(Warning: Lots of possibly irrelevant details follow.)
On a recently-rebuilt box, mostly running Lenny, I've just discovered
that if I smbmount a network share from a Windows box the mount point
becomes owned by root.root and my normal user does not have write
access. (A Windows box can still map the share as a drive as this user
and have write access.)
Before the rebuild, the normal user was able to write (and presumably
owned the mount point, although I can't prove it at this point).
(The rebuild became necessary because I was running unstable, and after
a dist-upgrade one day X totally hosed (using mismatched video adapters
for a dual-monitor setup) and the more I tinkered the worse the problem
became, so I just finally gave up and rebuilt to Etch. I've since
dabbled in Lenny, and just today lost my dual-monitor setup again.
Yikes! Some sort of change in X.org comin' down the pike, I reckon. But
I digress ..., er, ramble ....)
Also within the past couple of months we've run into a Samba-related
problem campus-wide with half of our Linux-based backup servers not
being able to authenticate off our Windows-based Active Directory setup,
so we've speculated that Microsoft pushed some update down to our
Windows servers that broke our older Linux backup servers Samba
capability; the newer half of or Linux servers must have a new enough
Samba to handle the break.
So when I noticed that my workstation is having this Samba issue, I
immediately suspected that it's related to the Windows update that we
suspect broke half our backup servers.
So I started reading the man page for smbmount to see if I could find
any clues, and I noticed that smbmount is now deprecated in favor of
using "mount -t cifs".
So being the progressive sort of guy that I am, I decided to drop
smbmount in favor of the cifs option to mount, but I've run into a problem.
1. I've been unable to Google how to mount samba shares using the "mount
-t cifs" method (lots of info on using the "smbmount" method).
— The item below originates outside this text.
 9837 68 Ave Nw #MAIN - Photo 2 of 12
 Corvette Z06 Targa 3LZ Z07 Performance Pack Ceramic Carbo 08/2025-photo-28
So what
is the exact syntax equivalent, please, to "smbmount //server/share
/mntpoint -o credentials=LocationOfSecretsFile"
2. "smbmount" could be run as a non-root user, allowing the non-root
user to mount shares on an as-needed basis. The "mount" command, on the
other hand, requires root access, unless the share is pre-defined in
/etc/fstab. Am I just going to have to live with this limitation of
having to pre-define shares in order for non-root users to mount them,
or is there a work-around?
3. Not really a problem, but it took me a while to figure this out, so
I'll go ahead and document it here for the benefit of others: "SMB"
(Server Message Block) is the protocol for remote file access; "CIFS" is
the newer, "better" incarnation of SMB; and "Samba" is the name of the
various utilities that work with the SMB/CIFS protocol.
Thanks for any enlightenment anyone can add!